Selecting the primary endpoint has been one of the most challenging tasks in the design of clinical trials. Typical endpoints include binary, continuous or time-to-event endpoints. The primary endpoint for many clinical trials is binary and is defined based on a threshold of a continuous endpoint. Many such trials could lack study power. It could be challenging to decide the appropriate threshold to define the binary endpoints; the best guess could be wrong, and the study will lose its power when that happens. For this reason, we propose to use an ordinal endpoint defined by two or more cut points as a primary or secondary efficacy endpoint when facing such challenges, to spread the risk from comparing treatment differences at a single cut point to multiple cut points. This way the study could maintain its power even if the results differ from the initial expectations. In this paper, we evaluate the performance of continuous, binary, and ordinal endpoints via extensive simulation studies.
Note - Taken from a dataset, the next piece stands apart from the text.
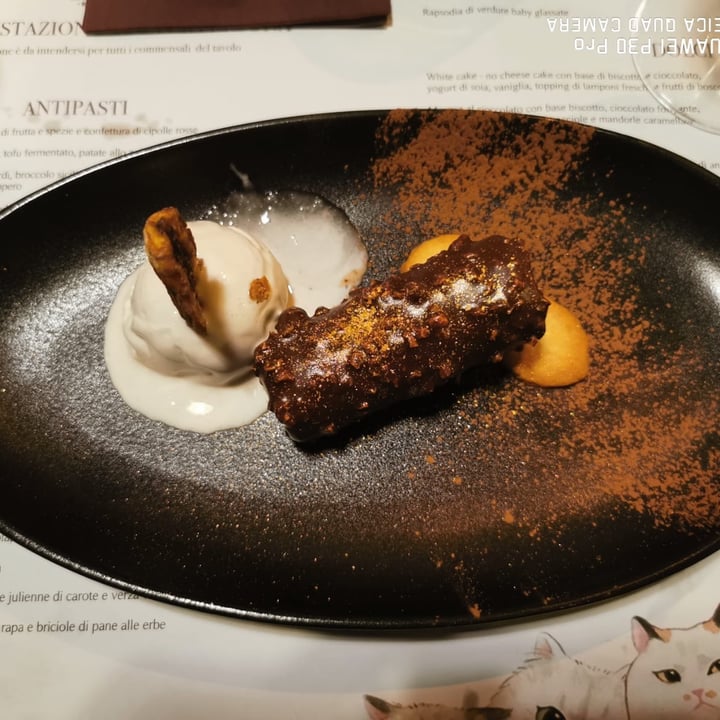 photo of Romeow Cat Bistrot Dessert Alle Arachidi Con Cuore Di Caramello Salato, Copertura Di Cioccolato Fondente, Crunchy Di Arachidi Salate E Gelato Alla Banana shared by @niclaps on  01 Nov 2022 - review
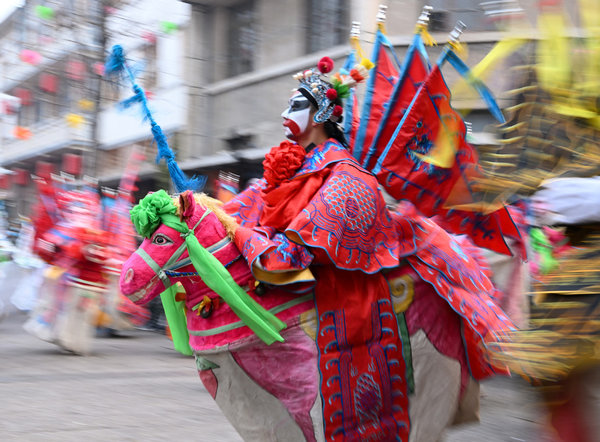 Temple Fair Held to Honor Folk Tradition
Furthermore, we compare the three types of endpoints across many clinical trials. Overall, we demonstrate that there may be some situations where the use of ordinal categorical endpoints, based on clinical and statistical considerations, could offer advantages as a primary or secondary efficacy endpoint.Disclaimer: This article has been reviewed by FDA and determined not to be consistent with the Agency's views or policies. It reflects only the views and opinions of the authors.